*WHAT IS NEEDED*
Your task is to copy the data exactly while leaving out every picture.

*DATASET EXCERPT*
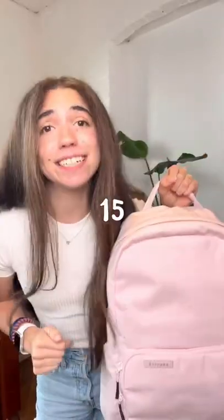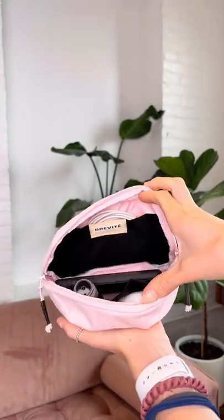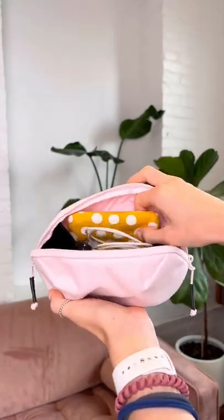Here's 15 backpack hacks in 15 days. Day 7: Small Pouch — the perfect way to organize all your daily essentials. Portable charger, if you know, you know.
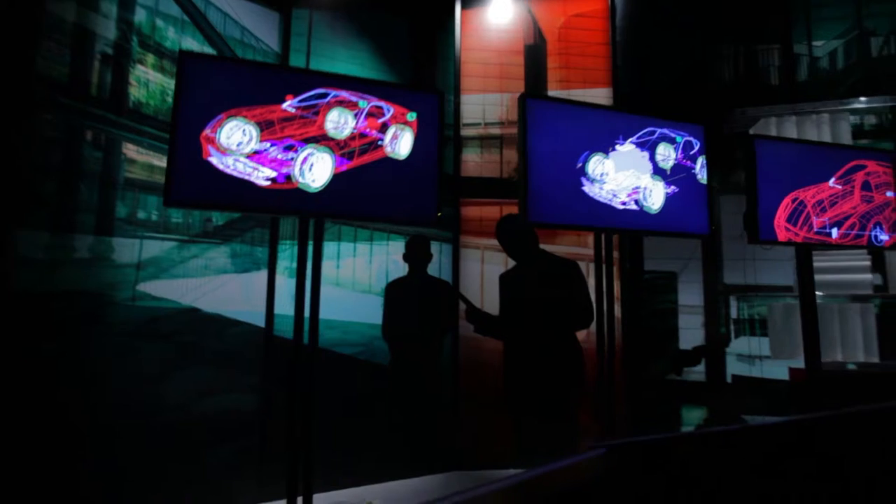Dreams are made real. At Ferrari, we have a proud racing tradition and a constant desire to innovate. Sharing the knowledge of the design department is where the dream starts.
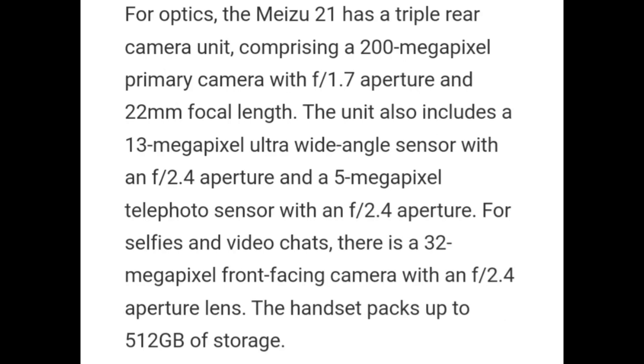For optics, the Miju 21 has a triple rear camera unit comprising a 200MP primary camera with f/1.7 aperture and 22mm focal length. The unit also includes a 13MP ultrawide angle sensor with f/2.4 aperture and a 5MP telephoto sensor with f/2.4 aperture. For selfies and video chat, there is a 32MP front-facing camera with f/2.4 aperture lens.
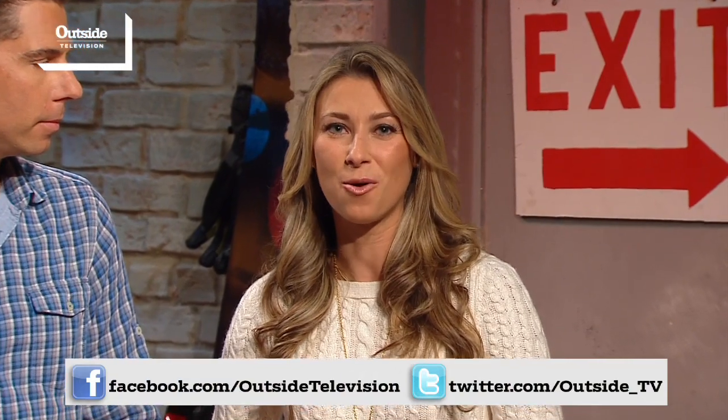Thanks for coming in and bringing all this great stuff. Thank you. A reminder to check us out at outsidetelevision.com. Follow us on Twitter and on Facebook. We're all about getting you ready, getting you informed, and getting you out the door. I'm Julia Diamond for Ethan Zahn and the entire Outside Today crew. Thanks for watching.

*ANSWER FOR THE TASK*
Here's 15 backpack hacks in 15 days. Day 7: Small Pouch — the perfect way to organize all your daily essentials. Portable charger, if you know, you know.
Dreams are made real. At Ferrari, we have a proud racing tradition and a constant desire to innovate. Sharing the knowledge of the design department is where the dream starts.
For optics, the Miju 21 has a triple rear camera unit comprising a 200MP primary camera with f/1.7 aperture and 22mm focal length. The unit also includes a 13MP ultrawide angle sensor with f/2.4 aperture and a 5MP telephoto sensor with f/2.4 aperture. For selfies and video chat, there is a 32MP front-facing camera with f/2.4 aperture lens.
Thanks for coming in and bringing all this great stuff. Thank you. A reminder to check us out at outsidetelevision.com. Follow us on Twitter and on Facebook. We're all about getting you ready, getting you informed, and getting you out the door. I'm Julia Diamond for Ethan Zahn and the entire Outside Today crew. Thanks for watching.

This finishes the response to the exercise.